However, after only 15 appearances, the club seemingly came to the conclusion the Colombian should be cast away for a season. At 27-years-old, the move can hardly be justified as an opportunity for the player to develop and choosing Juventus is hardly going to aid Cuadrado’s attempted transition into a Premier League star.
The tricky winger may have garnered more yellow cards than assists and goals combined for the Blues, but handing the player just nine months to adapt to the Premier League is astonishingly cruel.
It’s highly publicised how long it can take for players to adjust to English football yet it seems Chelsea’s transfer policy is so focused on the present that their patience is farcically fragile.
How the powers-that-be at Chelsea could gather to what extent Cuadrado would perform in 2015-16 from half an hour against Manchester City, nobody knows.
However, not only does the move to loan out the Colombian prove incredibly ruthless but Chelsea’s turmoil this season shows it may have been a prominent mistake.
With Chelsea’s wingers, barring Willian, appearing shadows of their former selves in 2015-16, it has to be hypothesised that Cuadrado may have brought a lot to the table this campaign.
Besides, the 27-year-old would surely have been able to better Eden Hazard who remains plagued by a growingly comedic seven-month goal drought.
Equally, Cuadrado may have continued to struggle in the Premier League but how could Chelsea have been certain?
Whilst hindsight is admittedly very convenient, it would have seemed more logical for the club to loan out youngsters such as Bertrand Traore and Kenedy for development as opposed to established and talented stars.
Cuadrado may have endured a stagnant start to Chelsea life but he could have offered more to the Blues this season than a player such as Kenedy. That isn't criticising the Brazilian, but his South American counterpart is simply more experienced and rounded as a footballer.
After all, the Colombian is such a talented winger that it seems inevitable that he would have eventually shone in England.
Equally, seeing as Cuadrado’s departure was via a loan, the ex-Fiorentina man may still have the chance to strut his stuff in the Premier League. However, given the employment merry-go-round at Stamford Bridge, there aren't any guarantees - even if you are valued at £20 million.

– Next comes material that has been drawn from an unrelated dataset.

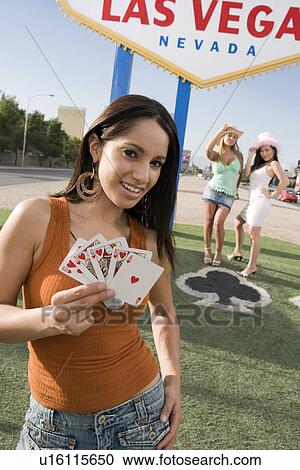 Woman holding cards in front of Las Vegas welcome sign, Nevada, USA View Large Photo Image Stock Image - Woman holding cards in front of Las Vegas welcome sign, Nevada, USA. Fotosearch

Chelsea have endured a terrible start to defending their league title and whilst it is unclear whether Cuadrado would have improved this season, the question of ‘if’ will fester ever greater as long as their troubles continue.
Besides, even if the Colombian persisted to falter, it would have been at the very least courteous of Chelsea to provide him with more than nine months to prove himself.
But then again, modern day football is a cruel world and it seems the 27-year-old is simply just another victim of the savage transfer policies adopted by the sport's juggernauts. The decision was made long ago and is unlikely to change, but sat in 14th place, regrets can swiftly fester.